*** Opening of Material shown ***
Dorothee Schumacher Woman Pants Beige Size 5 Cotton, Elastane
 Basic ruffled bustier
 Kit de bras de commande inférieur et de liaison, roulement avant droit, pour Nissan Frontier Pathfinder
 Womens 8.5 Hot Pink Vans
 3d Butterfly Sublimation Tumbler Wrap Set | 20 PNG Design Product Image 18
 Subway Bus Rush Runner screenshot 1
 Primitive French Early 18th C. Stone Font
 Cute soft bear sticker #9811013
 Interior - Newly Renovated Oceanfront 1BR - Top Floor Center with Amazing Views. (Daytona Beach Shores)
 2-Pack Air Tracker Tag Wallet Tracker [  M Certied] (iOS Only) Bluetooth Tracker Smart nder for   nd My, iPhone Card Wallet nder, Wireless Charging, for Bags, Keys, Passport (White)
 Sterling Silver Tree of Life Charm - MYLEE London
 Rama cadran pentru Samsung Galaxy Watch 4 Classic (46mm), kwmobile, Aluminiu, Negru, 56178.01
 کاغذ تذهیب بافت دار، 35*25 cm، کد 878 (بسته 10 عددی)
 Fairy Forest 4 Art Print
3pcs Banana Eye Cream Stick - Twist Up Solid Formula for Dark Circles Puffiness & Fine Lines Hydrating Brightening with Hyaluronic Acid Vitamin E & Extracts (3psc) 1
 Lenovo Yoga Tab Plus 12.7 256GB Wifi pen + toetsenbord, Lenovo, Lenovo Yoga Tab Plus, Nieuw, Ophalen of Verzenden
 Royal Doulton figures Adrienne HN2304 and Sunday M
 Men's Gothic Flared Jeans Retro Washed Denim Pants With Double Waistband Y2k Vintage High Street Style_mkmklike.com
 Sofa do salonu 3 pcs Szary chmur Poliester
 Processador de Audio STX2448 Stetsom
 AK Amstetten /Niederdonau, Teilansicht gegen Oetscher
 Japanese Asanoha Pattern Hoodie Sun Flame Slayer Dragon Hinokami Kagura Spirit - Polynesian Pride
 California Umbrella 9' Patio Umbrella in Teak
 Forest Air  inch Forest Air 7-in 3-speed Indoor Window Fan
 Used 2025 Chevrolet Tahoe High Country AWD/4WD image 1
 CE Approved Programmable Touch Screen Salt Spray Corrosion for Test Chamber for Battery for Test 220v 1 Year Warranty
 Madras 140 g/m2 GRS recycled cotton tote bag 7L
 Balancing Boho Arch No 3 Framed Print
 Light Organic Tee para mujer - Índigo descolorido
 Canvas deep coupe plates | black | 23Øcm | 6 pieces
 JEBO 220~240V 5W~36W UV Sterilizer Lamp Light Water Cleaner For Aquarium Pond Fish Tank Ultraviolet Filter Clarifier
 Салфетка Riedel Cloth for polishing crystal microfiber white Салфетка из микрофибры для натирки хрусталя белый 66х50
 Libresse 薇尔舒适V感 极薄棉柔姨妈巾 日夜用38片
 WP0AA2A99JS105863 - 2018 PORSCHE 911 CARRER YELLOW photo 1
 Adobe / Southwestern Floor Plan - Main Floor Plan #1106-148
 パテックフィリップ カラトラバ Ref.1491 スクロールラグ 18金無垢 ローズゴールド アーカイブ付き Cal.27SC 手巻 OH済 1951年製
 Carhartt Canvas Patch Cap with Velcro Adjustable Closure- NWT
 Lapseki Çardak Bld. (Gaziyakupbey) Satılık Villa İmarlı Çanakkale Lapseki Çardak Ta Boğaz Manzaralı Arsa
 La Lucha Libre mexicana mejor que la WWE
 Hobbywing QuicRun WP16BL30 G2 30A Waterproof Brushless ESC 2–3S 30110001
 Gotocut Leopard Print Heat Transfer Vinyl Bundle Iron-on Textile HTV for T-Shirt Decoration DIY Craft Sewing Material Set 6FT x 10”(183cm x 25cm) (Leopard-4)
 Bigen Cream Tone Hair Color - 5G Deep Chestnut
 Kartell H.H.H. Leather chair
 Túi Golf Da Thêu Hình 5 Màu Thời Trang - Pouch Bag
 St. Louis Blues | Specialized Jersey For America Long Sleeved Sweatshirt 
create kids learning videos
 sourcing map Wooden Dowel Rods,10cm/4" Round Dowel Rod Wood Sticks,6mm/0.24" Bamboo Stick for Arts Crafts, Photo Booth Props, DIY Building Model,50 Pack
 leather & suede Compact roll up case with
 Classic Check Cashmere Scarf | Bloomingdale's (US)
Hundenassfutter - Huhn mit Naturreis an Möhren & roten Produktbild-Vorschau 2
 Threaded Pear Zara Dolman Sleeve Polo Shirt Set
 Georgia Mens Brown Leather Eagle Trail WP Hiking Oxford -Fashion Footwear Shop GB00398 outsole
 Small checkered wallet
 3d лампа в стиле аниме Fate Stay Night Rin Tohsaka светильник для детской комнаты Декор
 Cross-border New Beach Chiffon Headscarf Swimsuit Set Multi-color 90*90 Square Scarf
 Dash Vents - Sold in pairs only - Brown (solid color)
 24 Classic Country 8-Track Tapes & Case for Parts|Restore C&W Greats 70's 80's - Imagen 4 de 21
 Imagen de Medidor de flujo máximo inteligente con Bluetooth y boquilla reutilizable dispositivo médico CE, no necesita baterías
*** Close of Material shown ***
Activity: Each record above is to be written out again, without any change.

Result of this exercise:
Dorothee Schumacher Woman Pants Beige Size 5 Cotton, Elastane
 Basic ruffled bustier
 Kit de bras de commande inférieur et de liaison, roulement avant droit, pour Nissan Frontier Pathfinder
 Womens 8.5 Hot Pink Vans
 3d Butterfly Sublimation Tumbler Wrap Set | 20 PNG Design Product Image 18
 Subway Bus Rush Runner screenshot 1
 Primitive French Early 18th C. Stone Font
 Cute soft bear sticker #9811013
 Interior - Newly Renovated Oceanfront 1BR - Top Floor Center with Amazing Views. (Daytona Beach Shores)
 2-Pack Air Tracker Tag Wallet Tracker [  M Certied] (iOS Only) Bluetooth Tracker Smart nder for   nd My, iPhone Card Wallet nder, Wireless Charging, for Bags, Keys, Passport (White)
 Sterling Silver Tree of Life Charm - MYLEE London
 Rama cadran pentru Samsung Galaxy Watch 4 Classic (46mm), kwmobile, Aluminiu, Negru, 56178.01
 کاغذ تذهیب بافت دار، 35*25 cm، کد 878 (بسته 10 عددی)
 Fairy Forest 4 Art Print
3pcs Banana Eye Cream Stick - Twist Up Solid Formula for Dark Circles Puffiness & Fine Lines Hydrating Brightening with Hyaluronic Acid Vitamin E & Extracts (3psc) 1
 Lenovo Yoga Tab Plus 12.7 256GB Wifi pen + toetsenbord, Lenovo, Lenovo Yoga Tab Plus, Nieuw, Ophalen of Verzenden
 Royal Doulton figures Adrienne HN2304 and Sunday M
 Men's Gothic Flared Jeans Retro Washed Denim Pants With Double Waistband Y2k Vintage High Street Style_mkmklike.com
 Sofa do salonu 3 pcs Szary chmur Poliester
 Processador de Audio STX2448 Stetsom
 AK Amstetten /Niederdonau, Teilansicht gegen Oetscher
 Japanese Asanoha Pattern Hoodie Sun Flame Slayer Dragon Hinokami Kagura Spirit - Polynesian Pride
 California Umbrella 9' Patio Umbrella in Teak
 Forest Air  inch Forest Air 7-in 3-speed Indoor Window Fan
 Used 2025 Chevrolet Tahoe High Country AWD/4WD image 1
 CE Approved Programmable Touch Screen Salt Spray Corrosion for Test Chamber for Battery for Test 220v 1 Year Warranty
 Madras 140 g/m2 GRS recycled cotton tote bag 7L
 Balancing Boho Arch No 3 Framed Print
 Light Organic Tee para mujer - Índigo descolorido
 Canvas deep coupe plates | black | 23Øcm | 6 pieces
 JEBO 220~240V 5W~36W UV Sterilizer Lamp Light Water Cleaner For Aquarium Pond Fish Tank Ultraviolet Filter Clarifier
 Салфетка Riedel Cloth for polishing crystal microfiber white Салфетка из микрофибры для натирки хрусталя белый 66х50
 Libresse 薇尔舒适V感 极薄棉柔姨妈巾 日夜用38片
 WP0AA2A99JS105863 - 2018 PORSCHE 911 CARRER YELLOW photo 1
 Adobe / Southwestern Floor Plan - Main Floor Plan #1106-148
 パテックフィリップ カラトラバ Ref.1491 スクロールラグ 18金無垢 ローズゴールド アーカイブ付き Cal.27SC 手巻 OH済 1951年製
 Carhartt Canvas Patch Cap with Velcro Adjustable Closure- NWT
 Lapseki Çardak Bld. (Gaziyakupbey) Satılık Villa İmarlı Çanakkale Lapseki Çardak Ta Boğaz Manzaralı Arsa
 La Lucha Libre mexicana mejor que la WWE
 Hobbywing QuicRun WP16BL30 G2 30A Waterproof Brushless ESC 2–3S 30110001
 Gotocut Leopard Print Heat Transfer Vinyl Bundle Iron-on Textile HTV for T-Shirt Decoration DIY Craft Sewing Material Set 6FT x 10”(183cm x 25cm) (Leopard-4)
 Bigen Cream Tone Hair Color - 5G Deep Chestnut
 Kartell H.H.H. Leather chair
 Túi Golf Da Thêu Hình 5 Màu Thời Trang - Pouch Bag
 St. Louis Blues | Specialized Jersey For America Long Sleeved Sweatshirt 
create kids learning videos
 sourcing map Wooden Dowel Rods,10cm/4" Round Dowel Rod Wood Sticks,6mm/0.24" Bamboo Stick for Arts Crafts, Photo Booth Props, DIY Building Model,50 Pack
 leather & suede Compact roll up case with
 Classic Check Cashmere Scarf | Bloomingdale's (US)
Hundenassfutter - Huhn mit Naturreis an Möhren & roten Produktbild-Vorschau 2
 Threaded Pear Zara Dolman Sleeve Polo Shirt Set
 Georgia Mens Brown Leather Eagle Trail WP Hiking Oxford -Fashion Footwear Shop GB00398 outsole
 Small checkered wallet
 3d лампа в стиле аниме Fate Stay Night Rin Tohsaka светильник для детской комнаты Декор
 Cross-border New Beach Chiffon Headscarf Swimsuit Set Multi-color 90*90 Square Scarf
 Dash Vents - Sold in pairs only - Brown (solid color)
 24 Classic Country 8-Track Tapes & Case for Parts|Restore C&W Greats 70's 80's - Imagen 4 de 21
 Imagen de Medidor de flujo máximo inteligente con Bluetooth y boquilla reutilizable dispositivo médico CE, no necesita baterías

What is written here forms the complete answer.